This project is about making foods that are refreshing and restorative when the weather is oppressively hot and humid.
Mouth-puckering UMÉBOSHI have long been touted as a way of ensuring food safety on hot days because of their anti-bacterial properties.
Members of the URI family (Cucurbitaceae or cucurbits) such as cucumbers (kyuuri) quench thirst and restore mineral balance (especially potassium and magnesium) depleted by sweating.
Thick, chewy UDON noodles provide the energy you need to function (your body turns noodle carbs into ready-for-action glucose).
To jump-start your kitchen project, here are some recipes for UMÉBOSHI, UDON and URI (cucumbers).

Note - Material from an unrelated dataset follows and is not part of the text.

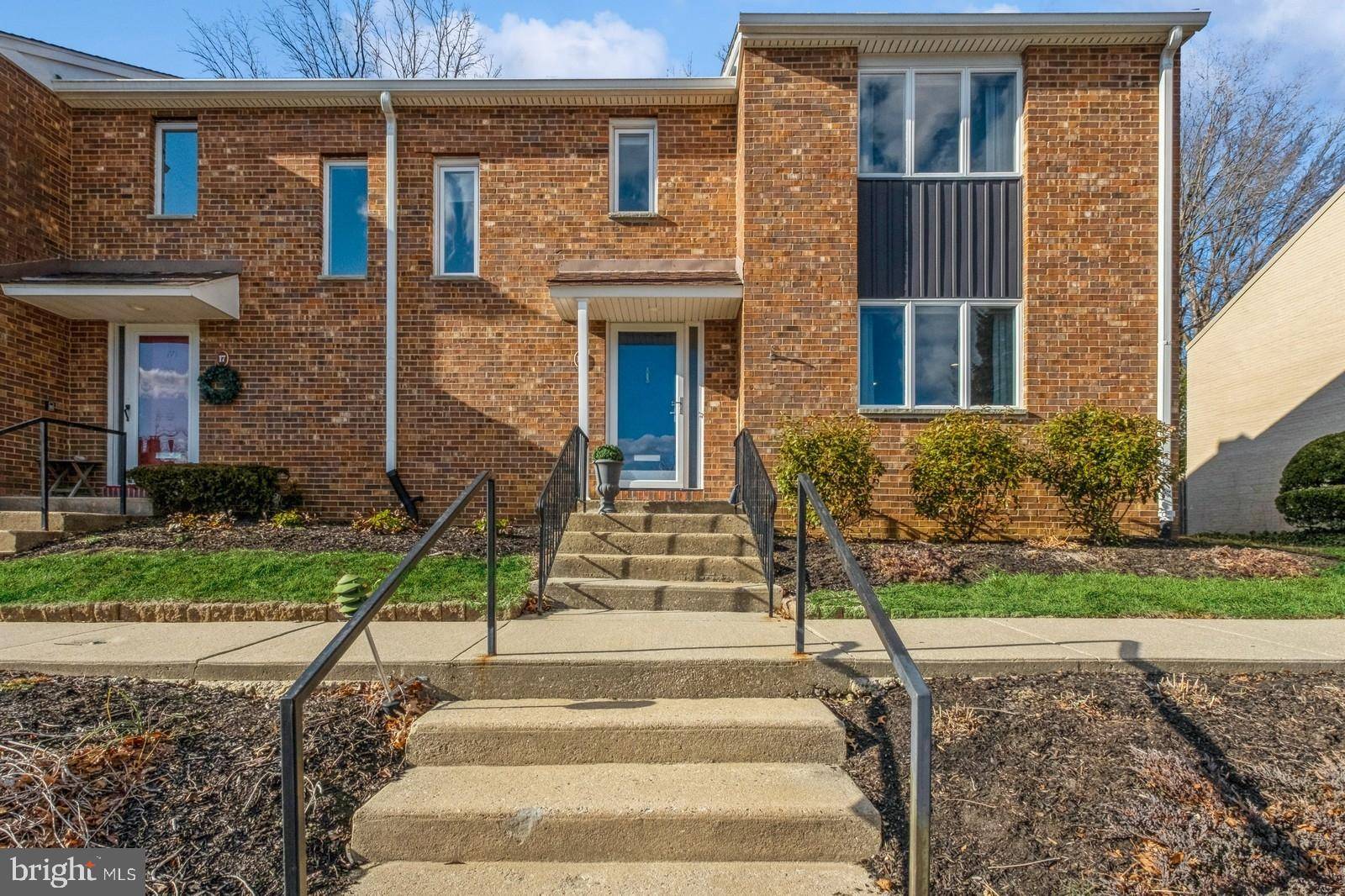 Moorestown, NJ 08057,15 W CLOSE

ENJOY, and please post to the Kitchen Culture Cooking Club your dishes that help you beat-the-heat.
Uméboshi
梅干し Uméboshi
Here is a GUIDE to making your own mouth-puckering pickled plums… and follow these instructions to make your own plum-filled omusubi.
UDON noodles
Serve your noodles DIPPING-STYLE (tsuké-jiru) with condiments. Make a classic dipping sauce with umami essence (a vegan version is available, too) and adjust intensity of flavor with stock (either Standard Sea Stock or Kelp-Alone Stock).
Cucumbers
胡瓜 (きゅうり)kyuuri
Cucumbers quench thirst and help restore mineral balance (especially potassium and magnesium) depleted by sweating.
Enjoy this Smashed Cucumber dish… or make a cucumber and wakamé salad dressed with a tart miso mustard sauce… or drizzed with plum dressing.

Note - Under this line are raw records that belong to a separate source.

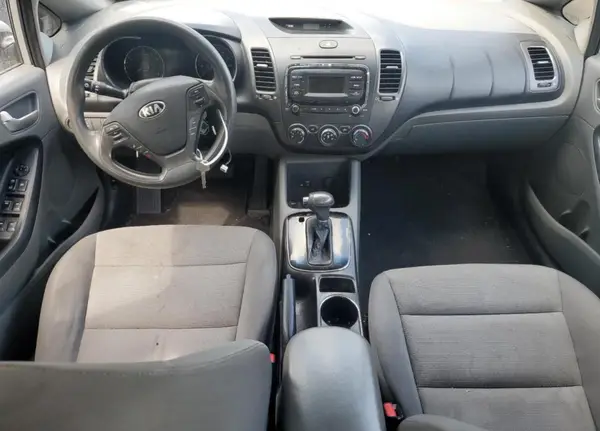 3KPFK4A7XHE019391 2017 KIA FORTE - Image 8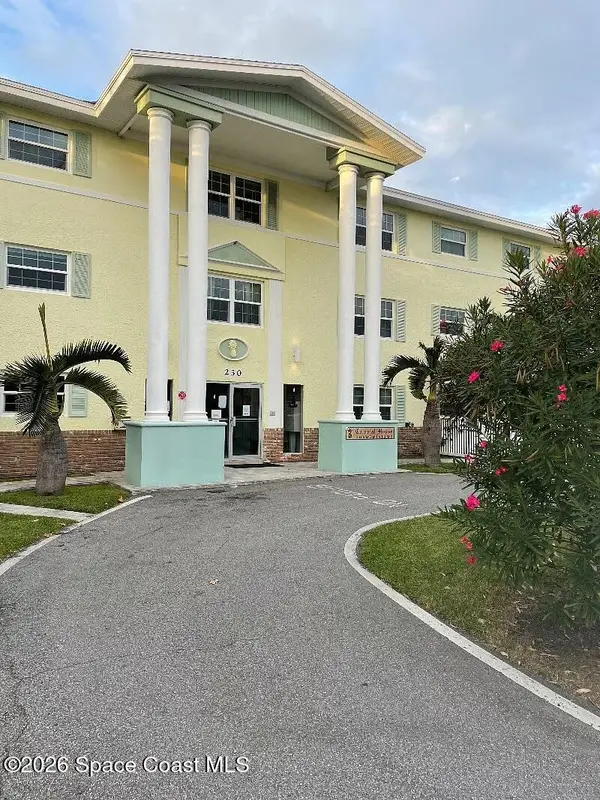 230 Columbia Drive #111, Cape Canaveral, FL 32920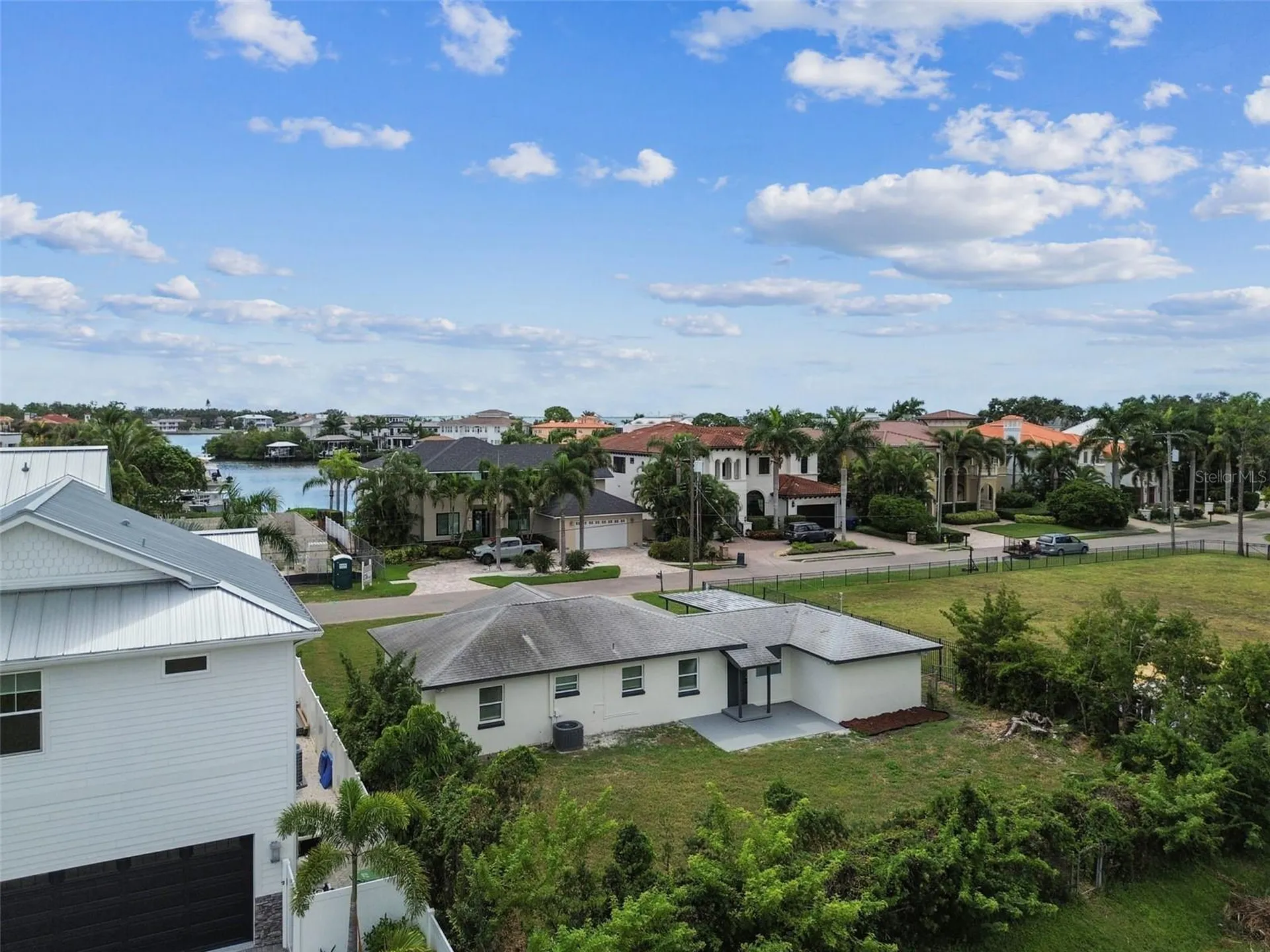 5 W Spanish Main Street Tampa FL 33609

To learn more about eating to beat-the-heat
visit my Kitchen Culture blog and read my August, 2024 newsletter.
Show Us Your Kitchen Project
QUESTIONS? COMMENTS?
Ready to SHARE YOUR KITCHEN PROJECT with others?
KITCHEN CULTURE Cooking Club members, head over to our Facebook Group. Not yet a member? Please join – membership is opt-in and free of charge.
Looking forward to seeing what you’re making in your kitchen…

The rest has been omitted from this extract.